The New Zealand and Australian dollars dropped against their U.S. peer on
Thursday, as demand for the latter strengthened after the
Federal Reserve left the door open for a rate hike as soon as September.
The dollar was supported after the FOMC statement.
The Federal Open Market Committee on Wednesday left its benchmark short-term interest rate near zero, but provided several cues that it is close to seeing enough improvement in the job market to prompt officials to increase the rate as early as September.
For months, policy makers have been saying they desired to see “additional improvement in the labor market” before deciding it is time to raise rates.

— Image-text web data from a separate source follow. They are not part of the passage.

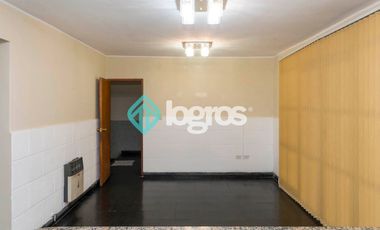 CASA EN ALQUILER CON COCHERA - TRES CERRITOS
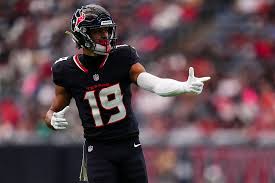 NFL Parlay Picks: The Dan Le Batard Show's Same Game Parlay for Week 12 Thursday Night Football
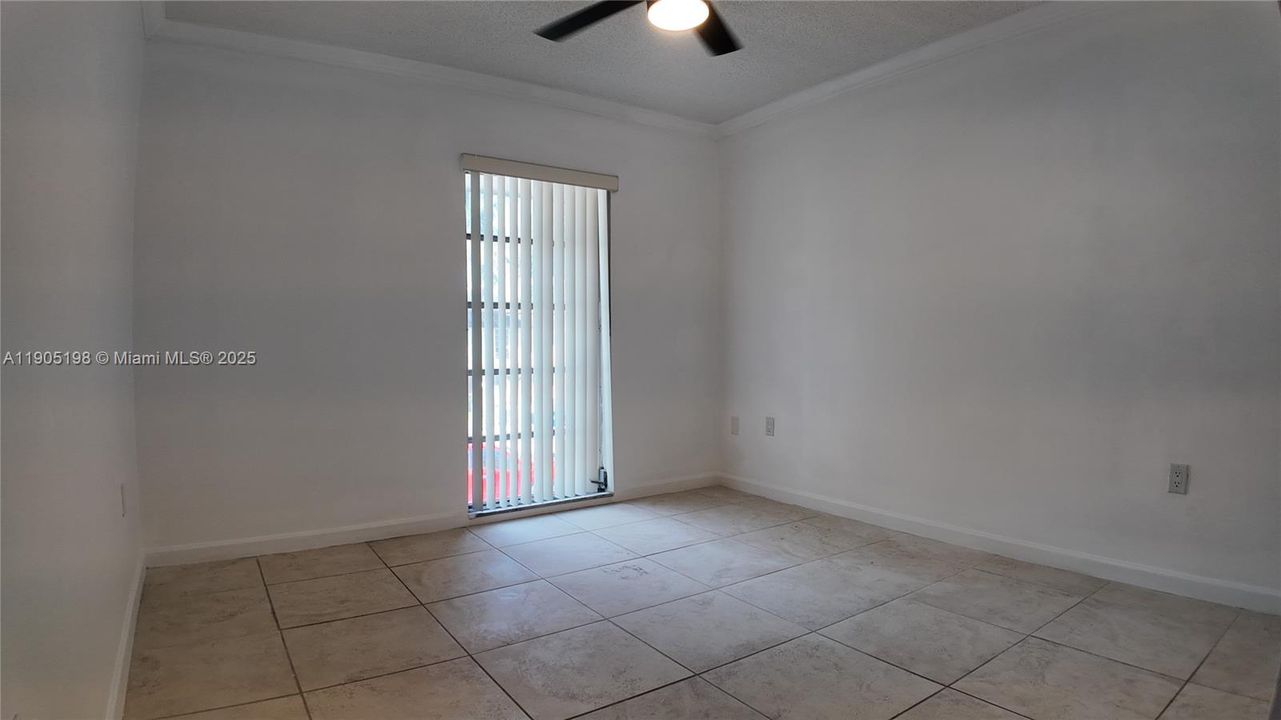 For Rent: $3,550 (4 beds, 2 baths, 1889 Square Feet)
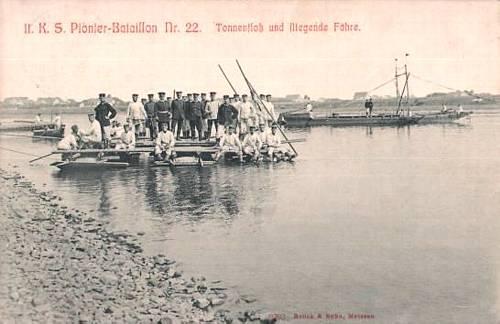 Passage af vandhindringer Kgl. Sächs. 2. Pionier-Bataillon Nr. 22 - Tonnenfloß und fliegende Fähre, 1910. Fra Alte Ansichtskarten.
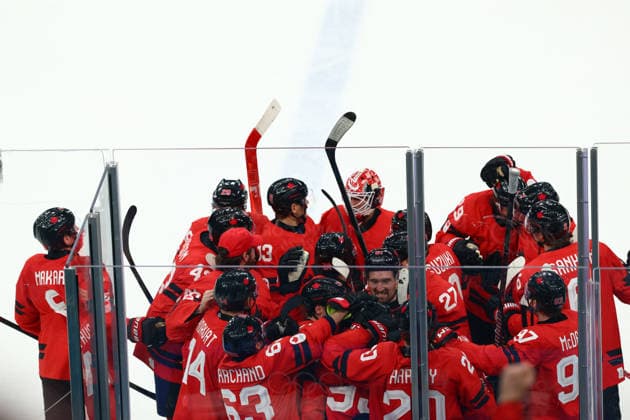 February 18, 2026, Milan, Lombardy, Italy: MITCH MARNER 93 of Canada celebrates scoring the winning goal during the overtime of the Quarterfinal game between Team Canada (CAN) and Team Czechia (CZE) at the Milano Cortina 2026 Olympic Games, Olympische Spiele, Olympia, OS Canada won 4:3. Milan Italy - ZUMAc179 20260218_oly_c179_079 Copyright: xMickaelxChavetx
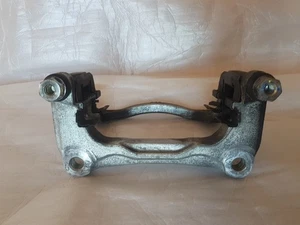 Porta Pinza Freno Anteriore DESTRO=SINISTRO Gruppo FCA FIAT JEEP Originale USATO - Foto 1 di 6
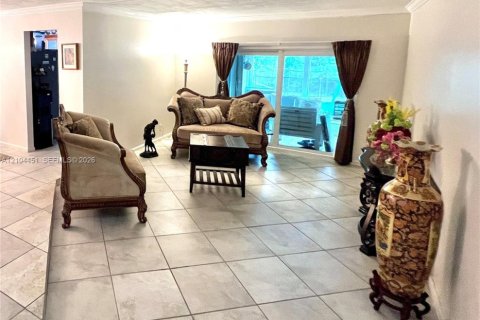 Villa ou maison à vendre à Coral Springs, Floride: 4 chambres, 172.15 m2 № 2412831 - photo 2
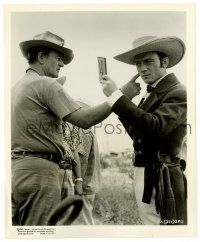 2z061 ALAMO candid 8.25x10 still '60 John Wayne gives Laurence Harvey facial pointers on the set!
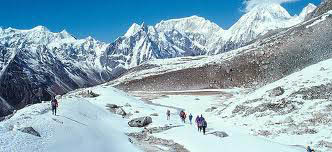 हिमलुङ हिमालमा दुई शेर्पाको मृत्यु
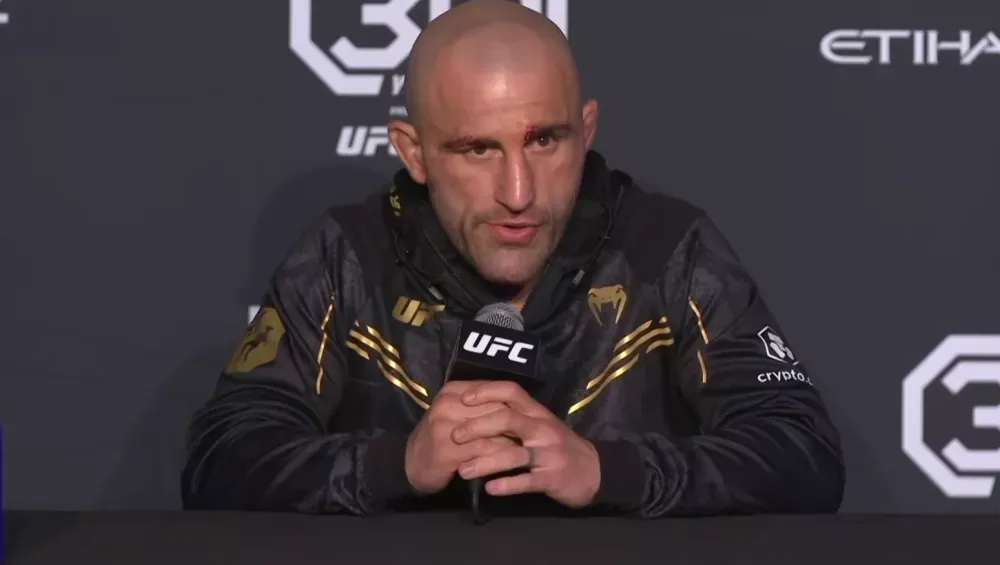 Alexander Volkanovski révèle ses émotions et explique pourquoi il a accepté le combat  | UFC 294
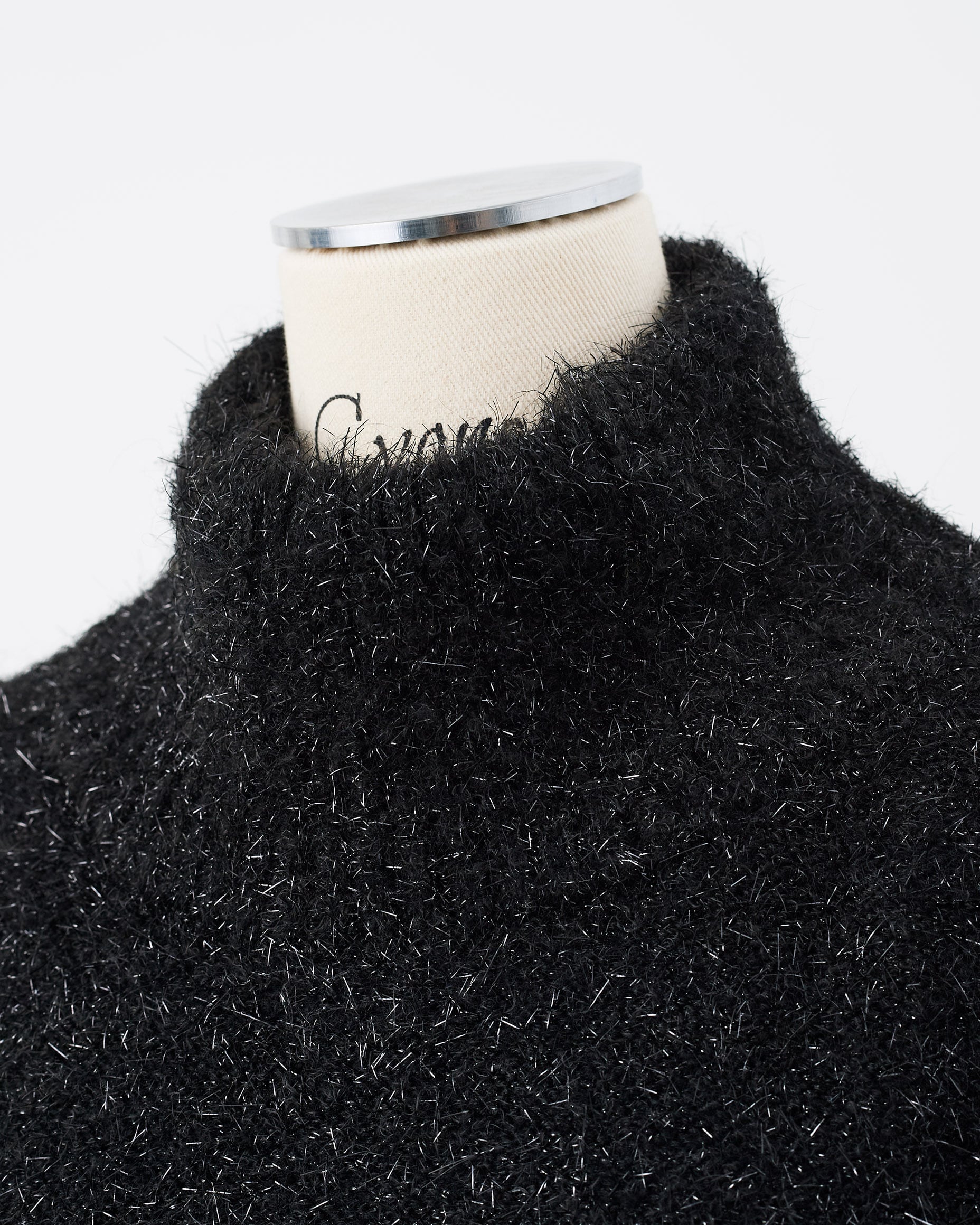 ラメショートニットプルオーバー Aurore ブラック | Cygne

In Wednesday’s statement they said they wanted to see “some” additional improvement, suggesting they see themselves nearing their threshold on the jobs front for action.
NZD/USD hit 0.6621 during late Asian trade, the pair's lowest since Tuesday; the pair was last at 0.6624, sliding 0.62%.
Meanwhile, the Australian dollar jumped during late Asian trade with AUD/NZD advancing 0.70% to 1.1018.
AUD/USD hit 0.7323 during late Asian trade, the session high; the pair subsequently consolidated at 0.7288, lower 0.11%.
The Aussie was higher against the euro, with EUR/AUD declining to 1.5007.
Earlier Thursday, the Australian Bureau of Statistics reported that building approvals dropped 8.2% in June, compared to expectations for a 0.8% downtick. Building approvals expanded by 2.3% in May, whose figure was revised from a previously calculated 2.4% gain.